Cela eut pour effet de ramené immédiatement le calme.
Son portable sonna brusquement.
En soupirant, Gibbs décrocha et resta figé un instant, les yeux rivés sur son message.
- Prenez vos affaires ! Abby est en danger ! rugit Gibbs en se levant d'un bond.

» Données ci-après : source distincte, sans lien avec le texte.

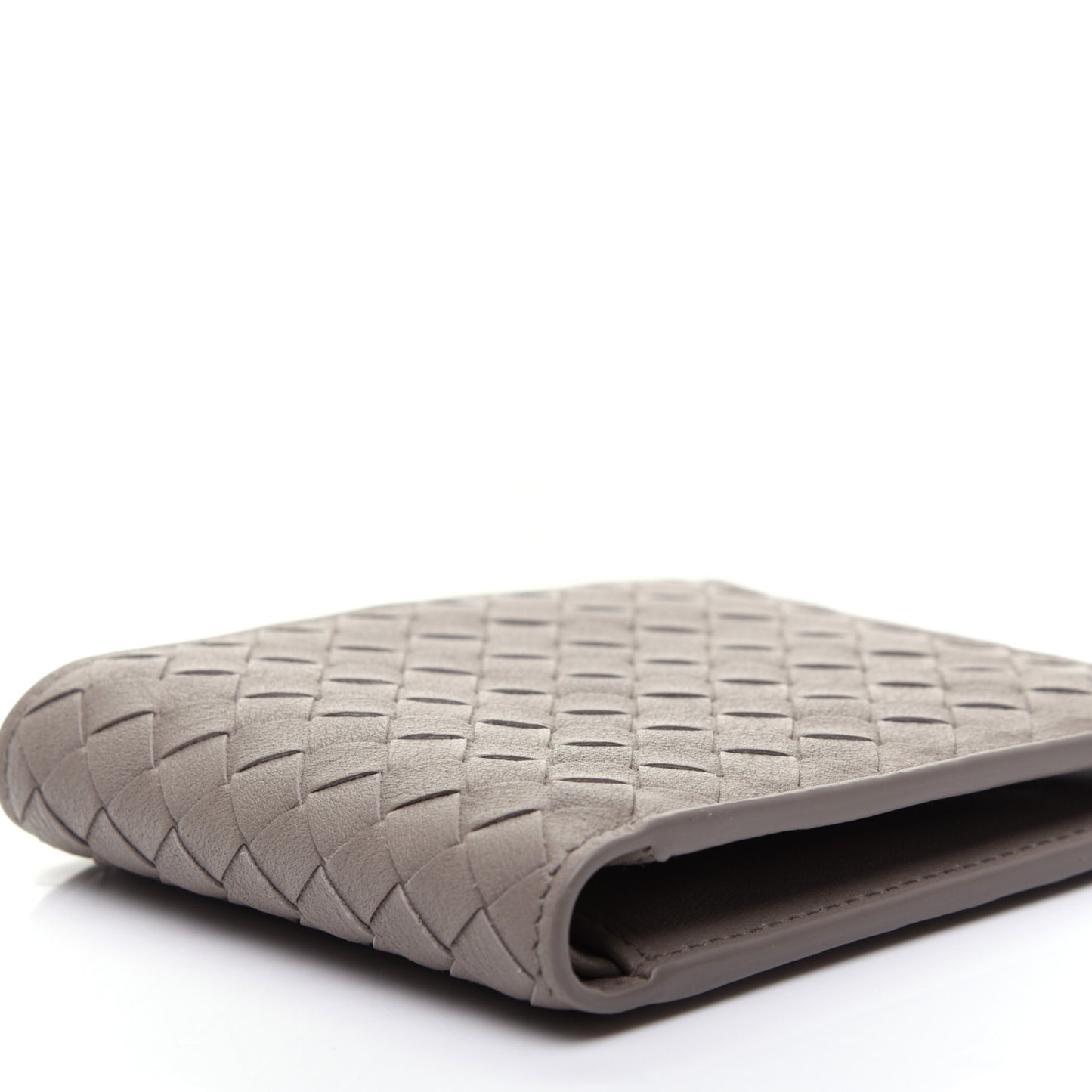 Nappa Intrecciato Bi-Fold Wallet Limestone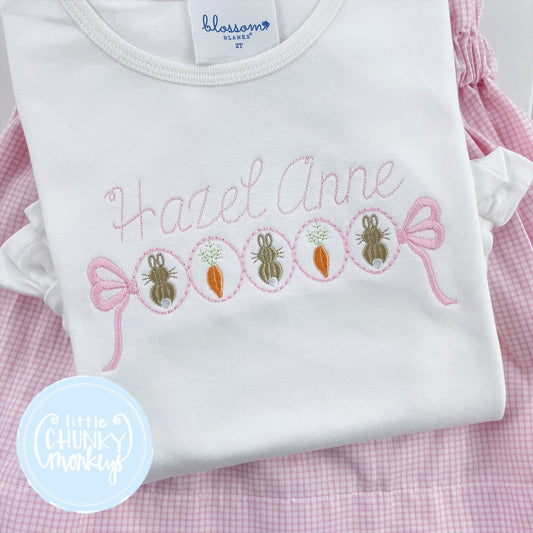 Girl Shirt - Easter Bunny with Carrot Banner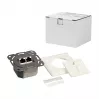LogiLink DSIT süvispaigaldusega Cat. 6a varjestatud 2-porti RJ45 pistikupesa elevandiluu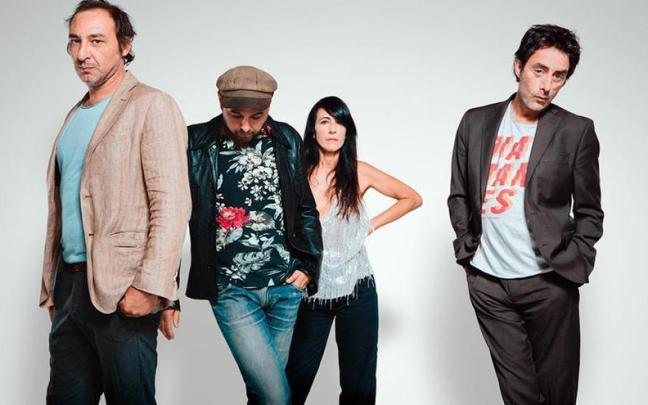 El grupo navarro El Columpio Asesino en una foto promocional reciente.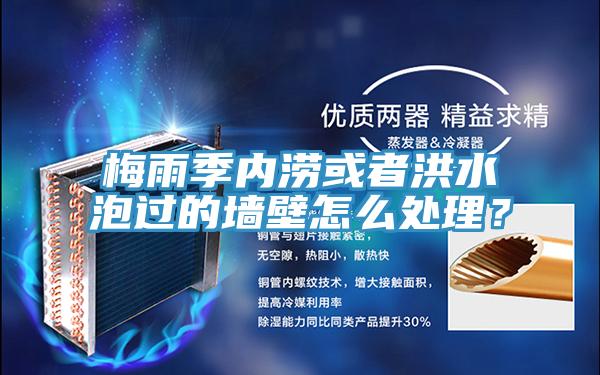 梅雨季內澇或者洪水泡過的墻壁怎么處理?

L'équipe arriva trop tard dans l'entrepôt. Il était déjà en feu.
- ABBY ! cria Tony.
Ace jeta sa chemise par terre et fila dans le feu.
- ACE ! cria Gibbs.
- ELLE PEUT ÊTRE ENCORE SAUVER ! rugit Ace en disparaissant dans les flammes.
- Il est fou ! gémit McGee.
- Ziva ! Appel une ambulance ! Tony, les pompiers ! ordonna Gibbs.
Ace entra dans l'entrepôt en feu et regarda autour de lui, à la recherche de la jeune scientifique. Il la vit attaché à l'étage, à une poutre, entouré de bottes de pailles qui commencées à brûler.
- Abby ! cria Ace.
Il escalada rapidement les poutres prêtes à s'effondrer sous ses pieds et arriva au niveau de la jeune femme. D'un coup de pieds, il jeta en bas la paille, qui s'enflamma totalement.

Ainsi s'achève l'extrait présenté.